R/search.shift.R
In RRphylo: Phylogenetic Ridge Regression Methods for Comparative Studies

Documented in search.shift

#' @title Locating shifts in phenotypic evolutionary rates
#' @usage search.shift(RR, status.type = c("clade", "sparse"),node = NULL, state
#'   = NULL, cov = NULL, nrep = 1000, f = NULL)
#' @description The function \code{search.shift} (\cite{Castiglione et al.
#'   2018}) tests whether individual clades or group of tips dispersed through
#'   the phylogeny evolve at different \code{\link{RRphylo}} rates as compared
#'   to the rest of the tree.
#' @param RR an object fitted by the function \code{\link{RRphylo}}.
#' @param status.type whether the \code{"clade"} or \code{"sparse"} condition
#'   must be tested.
#' @param node under the \code{"clade"} condition, the node/s (clades) to be
#'   tested for the rate shift. If \code{node} is left unspecified, the function
#'   performs under the 'auto-recognize' feature, meaning it will automatically
#'   test individual clades for deviation of their rates from the background
#'   rate of the rest of the tree (see details).
#' @param state the named vector of states for each tip, to be provided under
#'   the \code{"sparse"} condition.
#' @param cov the covariate vector to be indicated if its effect on rate values
#'   must be accounted for. Contrary to \code{\link{RRphylo}}, \code{cov} needs to be
#'   as long as the number of tips of the tree.
#' @param nrep the number of simulations to be performed for the rate shift
#'   test, by default \code{nrep} is set at 1000.
#' @param f the size of the smallest clade to be tested. By default, nodes
#'   subtending to one tenth of the tree tips are tested.
#' @importFrom graphics symbols mtext
#' @importFrom stats sd
#' @importFrom utils globalVariables
#' @importFrom grDevices	pdf	dev.off
#' @export
#' @seealso \href{../doc/search.shift.html}{\code{search.shift} vignette}
#' @seealso \code{\link{overfitSS}}; \href{../doc/overfit.html#overfitSS}{\code{overfitSS} vignette}
#' @seealso \code{\link{plotShift}}; \href{../doc/Plotting-tools.html#plotShift}{\code{plotShift} vignette}
#' @details Under the 'auto-recognize' mode, \code{search.shift} automatically
#' tests individual clades (ranging in size from one half of the tree down to
#' \code{f} tips) for deviation of their rates from the background rate of the
#' rest of the tree. An inclusive clade with significantly high rates is likely
#' to include descending clades with similarly significantly high rates. Hence,
#' under 'auto-recognize' \code{search.shift} scans clades individually and
#' selects only the node subtending to the highest difference in mean absolute
#' rates as compared to the rest of the tree. If the argument \code{node}
#' (\code{"clade"} condition) is provided, the function computes the difference
#' between mean rate values of each clade and the rest of the tree, and compares
#' it to a random distribution of differences generated by shuffling rates
#' across tree branches. Additionally, if more than one \code{node} is
#' indicated, the rate difference for one clade is additionally computed by
#' excluding the rate values of the others from the rate vector of the rest of
#' the tree. Also, all the clades are considered as to be under a common rate
#' regime and compared as a single group to the rest of the tree.

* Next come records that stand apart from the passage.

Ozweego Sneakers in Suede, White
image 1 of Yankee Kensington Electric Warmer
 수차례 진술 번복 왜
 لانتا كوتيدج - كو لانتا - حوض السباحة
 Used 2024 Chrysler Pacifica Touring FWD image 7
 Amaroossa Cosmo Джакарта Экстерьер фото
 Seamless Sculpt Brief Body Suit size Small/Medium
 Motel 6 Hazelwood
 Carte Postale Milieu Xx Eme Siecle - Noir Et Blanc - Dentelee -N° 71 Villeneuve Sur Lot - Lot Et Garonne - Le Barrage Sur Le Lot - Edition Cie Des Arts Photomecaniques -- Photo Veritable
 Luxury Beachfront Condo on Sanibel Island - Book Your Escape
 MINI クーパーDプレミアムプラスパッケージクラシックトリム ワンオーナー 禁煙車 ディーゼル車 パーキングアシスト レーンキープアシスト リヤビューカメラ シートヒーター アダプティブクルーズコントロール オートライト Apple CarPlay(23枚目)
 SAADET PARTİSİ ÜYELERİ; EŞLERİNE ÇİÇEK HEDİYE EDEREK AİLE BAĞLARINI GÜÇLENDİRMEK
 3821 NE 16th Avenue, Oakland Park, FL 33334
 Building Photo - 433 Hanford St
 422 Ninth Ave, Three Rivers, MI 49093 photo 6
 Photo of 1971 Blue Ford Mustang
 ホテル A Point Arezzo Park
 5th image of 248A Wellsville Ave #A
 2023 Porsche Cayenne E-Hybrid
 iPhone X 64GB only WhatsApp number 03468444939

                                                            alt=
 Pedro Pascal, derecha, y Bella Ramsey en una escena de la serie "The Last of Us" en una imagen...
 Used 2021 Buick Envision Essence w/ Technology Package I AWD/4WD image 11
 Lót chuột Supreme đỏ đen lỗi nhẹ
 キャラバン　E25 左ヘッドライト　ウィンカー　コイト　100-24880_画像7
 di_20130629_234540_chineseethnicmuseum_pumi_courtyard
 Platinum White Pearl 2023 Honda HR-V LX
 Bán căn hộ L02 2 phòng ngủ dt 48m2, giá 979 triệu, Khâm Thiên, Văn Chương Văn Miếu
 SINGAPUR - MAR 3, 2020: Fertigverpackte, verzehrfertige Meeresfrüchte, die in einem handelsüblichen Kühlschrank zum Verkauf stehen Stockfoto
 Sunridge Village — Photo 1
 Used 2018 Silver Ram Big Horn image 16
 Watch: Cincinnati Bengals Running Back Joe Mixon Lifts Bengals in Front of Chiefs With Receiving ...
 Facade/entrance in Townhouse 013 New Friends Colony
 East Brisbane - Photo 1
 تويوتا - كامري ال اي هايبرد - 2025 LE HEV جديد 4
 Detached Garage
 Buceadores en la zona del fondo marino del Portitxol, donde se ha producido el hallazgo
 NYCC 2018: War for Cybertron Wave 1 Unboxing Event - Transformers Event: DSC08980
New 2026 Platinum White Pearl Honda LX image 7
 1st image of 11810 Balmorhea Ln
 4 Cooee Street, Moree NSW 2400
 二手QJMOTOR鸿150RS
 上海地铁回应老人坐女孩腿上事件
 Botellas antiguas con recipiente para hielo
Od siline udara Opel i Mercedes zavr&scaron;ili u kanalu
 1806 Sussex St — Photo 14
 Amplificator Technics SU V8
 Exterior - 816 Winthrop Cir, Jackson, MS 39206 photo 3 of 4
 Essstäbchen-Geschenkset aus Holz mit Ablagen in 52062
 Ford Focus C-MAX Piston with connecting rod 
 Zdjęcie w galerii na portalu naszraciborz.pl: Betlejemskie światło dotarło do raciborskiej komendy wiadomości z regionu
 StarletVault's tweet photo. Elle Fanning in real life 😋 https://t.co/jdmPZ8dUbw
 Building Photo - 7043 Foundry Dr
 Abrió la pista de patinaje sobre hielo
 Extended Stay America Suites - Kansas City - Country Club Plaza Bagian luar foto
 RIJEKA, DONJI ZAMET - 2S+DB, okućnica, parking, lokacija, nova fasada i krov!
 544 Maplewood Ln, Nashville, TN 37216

#' @return Under \code{"clade"} case without specifying nodes (i.e.
#'   'auto-recognize') a list including:
#' @return \strong{$all.clades} for each detected node, the data-frame includes
#'   the average rate difference (computed as the mean rate over all branches
#'   subtended by the node minus the average rate for the rest of the tree) and
#'   the probability that it do represent a real shift. Probabilities are
#'   contrasted to simulations shuffling the rates across the tree branches for
#'   a number of replicates specified by the argument \code{nrep}. Note that the
#'   p-values refer to the number of times the real average rates are larger (or
#'   smaller) than the rates averaged over the rest of the tree, divided by the
#'   number of simulations. Hence, large rates are significantly larger than the
#'   rest of the tree (at alpha = 0.05), when the probability is > 0.975; and
#'   small rates are significantly small for p < 0.025.
#' @return \strong{$single.clades} the same as with 'all.clades' but restricted
#'   to the largest/smallest rate values along a single lineage (i.e. nested
#'   clades with smaller rate shifts are excluded).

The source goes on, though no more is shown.